After the rotation the bonsai is once again perfectly vertical. We will correct the now uneven white areas bordering the picture later.
I load in the picture of the pot that is being considered, a Sarah Rayner creation, and roughly outline it with the “lasso tool.”
I then copy and paste the pot onto the bonsai. Oops, the pot appears much too big in the picture; I drag the layer with the pot into the trash. Pots are usually photographed from closer than bonsai are, as a result, pots will often appear out of proportion with the bonsai unless we resize them. A trick I have learned is to tape two chop sticks together so that their total length is the same as the pot you are considering.

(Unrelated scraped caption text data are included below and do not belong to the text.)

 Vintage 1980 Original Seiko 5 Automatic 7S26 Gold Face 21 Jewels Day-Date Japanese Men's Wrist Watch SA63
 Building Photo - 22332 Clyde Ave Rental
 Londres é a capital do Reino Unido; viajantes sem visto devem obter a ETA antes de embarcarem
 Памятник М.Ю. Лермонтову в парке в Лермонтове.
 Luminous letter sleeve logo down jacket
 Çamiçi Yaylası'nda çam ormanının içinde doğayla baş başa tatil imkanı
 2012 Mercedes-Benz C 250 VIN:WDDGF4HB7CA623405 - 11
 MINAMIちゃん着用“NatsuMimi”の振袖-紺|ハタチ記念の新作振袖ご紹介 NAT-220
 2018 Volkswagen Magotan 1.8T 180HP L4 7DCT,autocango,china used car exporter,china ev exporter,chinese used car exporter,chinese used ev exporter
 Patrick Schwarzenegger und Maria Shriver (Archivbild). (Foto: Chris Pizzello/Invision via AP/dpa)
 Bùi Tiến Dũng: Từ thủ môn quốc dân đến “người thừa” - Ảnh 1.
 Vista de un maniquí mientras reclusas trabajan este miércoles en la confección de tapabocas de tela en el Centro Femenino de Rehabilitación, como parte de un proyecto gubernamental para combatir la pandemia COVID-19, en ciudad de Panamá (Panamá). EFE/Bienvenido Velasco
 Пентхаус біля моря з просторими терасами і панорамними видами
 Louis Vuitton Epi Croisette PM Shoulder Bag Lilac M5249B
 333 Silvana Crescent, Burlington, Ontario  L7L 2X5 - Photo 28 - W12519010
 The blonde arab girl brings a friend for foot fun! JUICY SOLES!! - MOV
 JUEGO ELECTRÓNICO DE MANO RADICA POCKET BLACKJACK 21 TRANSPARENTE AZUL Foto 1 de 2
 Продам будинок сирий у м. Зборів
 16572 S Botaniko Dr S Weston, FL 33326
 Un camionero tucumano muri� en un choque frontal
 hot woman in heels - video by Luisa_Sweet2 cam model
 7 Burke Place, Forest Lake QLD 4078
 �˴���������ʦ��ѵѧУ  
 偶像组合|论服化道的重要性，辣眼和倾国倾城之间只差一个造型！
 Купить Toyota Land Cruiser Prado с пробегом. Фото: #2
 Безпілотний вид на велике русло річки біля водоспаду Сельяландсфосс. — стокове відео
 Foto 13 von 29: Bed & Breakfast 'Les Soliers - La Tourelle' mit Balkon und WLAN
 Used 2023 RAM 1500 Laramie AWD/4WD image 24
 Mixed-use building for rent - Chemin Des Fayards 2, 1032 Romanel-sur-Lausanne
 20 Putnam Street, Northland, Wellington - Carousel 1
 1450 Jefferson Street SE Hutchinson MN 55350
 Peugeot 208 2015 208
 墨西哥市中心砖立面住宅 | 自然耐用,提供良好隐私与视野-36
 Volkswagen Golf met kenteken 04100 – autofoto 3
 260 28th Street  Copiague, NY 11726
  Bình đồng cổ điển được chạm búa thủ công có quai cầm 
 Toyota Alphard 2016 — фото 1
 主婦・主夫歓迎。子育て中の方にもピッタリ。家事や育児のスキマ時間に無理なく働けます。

Place these chopsticks at the base of your current pot when taking the picture for the virtual. Resize the picture of the pot so that it is the same size as the chopsticks, this gives you an actual match from pot to bonsai. Once the new pot is pasted on, the chopsticks will be hidden.
I go back to the picture of the pot and resize the image to 40% of the original size.
I use the "lasso tool" again to roughly select the pot, copy and paste it onto the bonsai. I then use the “move tool” to position the pot where I want it.
Now, using the "zoom tool" I bring the pot and the surrounding area up to a workable size. This magnification may bring parts of the image slightly out of focus, but it is necessary at this point. The picture will remain sharp when brought back to the original size later. At this time I also close out the picture of the pot, which is no longer needed.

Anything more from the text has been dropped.